Four charges equal in magnitude form a square

[abm77]

Homework Statement

Four charges equal in magnitude of 20.0 microC are placed on the four corners of a square with side length 0.180m. Determine the electric field at the centre of the square.

(-q) ---------- (+q)
l l
l l
l l
(+q)----------(+q)

1 --------------- 2

3-----------------4

Formatting messes up the square but you get the point.

Homework Equations

ɛ = kq / r
ɛ = delta V / r

The Attempt at a Solution

I tried just adding up the combinations of each charge after calculating ɛ = kq / r for each. I didn't feel confident this was the correct way to do it, but no answer or solution was given.

ɛ1 = k(-0.00002) / 0.180 = -1.00 x 10^6
ɛ2&3&4 = k(0.00002) / 0.180 = 1.00 x 10^6

ɛ_total = ɛ1 + ɛ2 + ɛ3 +ɛ4
= -1.0 x 10^6 + 3(1.0 x 10^6)
= 2.0 x 10^6

 

[Orodruin]

Please show your work in more detail. There is no way we can tell if you did it right or wrong based on your post.

 

[abm77]

Please show your work in more detail. There is no way we can tell if you did it right or wrong based on your post.

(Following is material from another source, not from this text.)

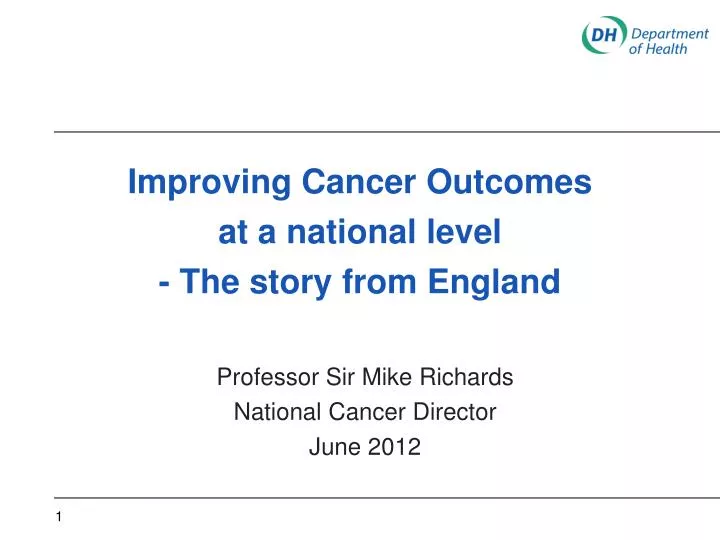 improving cancer outcomes at a national level the story from england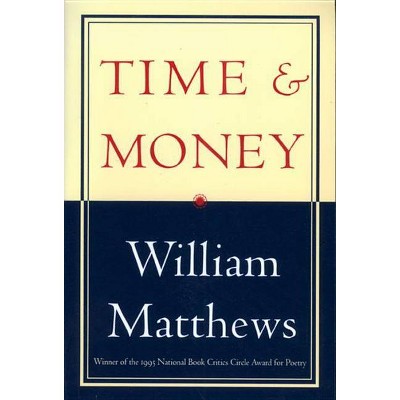 Time & Money - by  William Matthews (Paperback)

Updated my solution to show my full work.

 

[Orodruin]

First of all, the distance from the charges to the center is not 0.18 m.

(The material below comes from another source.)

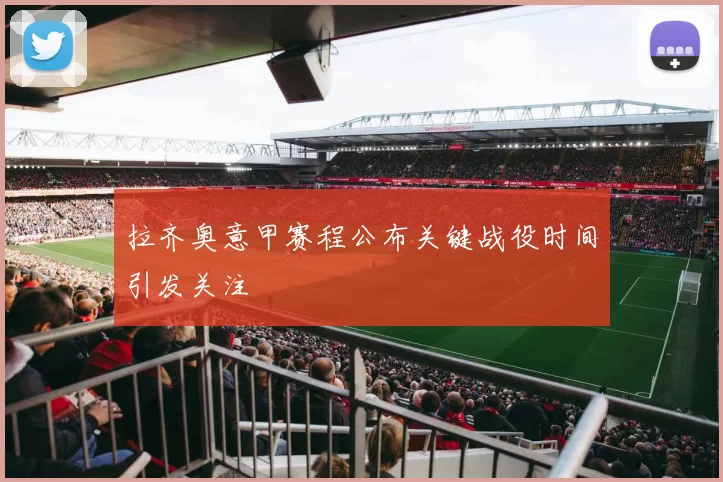 拉齐奥意甲赛程公布关键战役时间引发关注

Second, the electric field is a vector. You cannot simply add the magnitudes of the fields from each charge. You need to add the field vectors as a vector addition, i.e., using both magnitude and direction.

 

[abm77]

First of all, the distance from the charges to the center is not 0.18 m.

Second, the electric field is a vector. You cannot simply add the magnitudes of the fields from each charge. You need to add the field vectors as a vector addition, i.e., using both magnitude and direction.

Right.

So I found the length to the centre from each corner to be 0.127m.

So if I were to add them as vectors would charge 2 and 3 cancel each other out, and I would be left to add charges 1 and 4 together since they are opposite charges?

 

[Orodruin]

Correct.

 

[abm77]

Correct.

Awesome thanks.

One last thing, is there a rule for determining which way the electric field vector is going? Like will it be towards 1 (-q) or 4 (+q)?

 

[Orodruin]

The field is pointing in the direction in which the force on a positive test charge at the given position would point. Thus, the field from a negative charge points towards it (the negative charge) and the field of a positive charge away from it (the positive charge).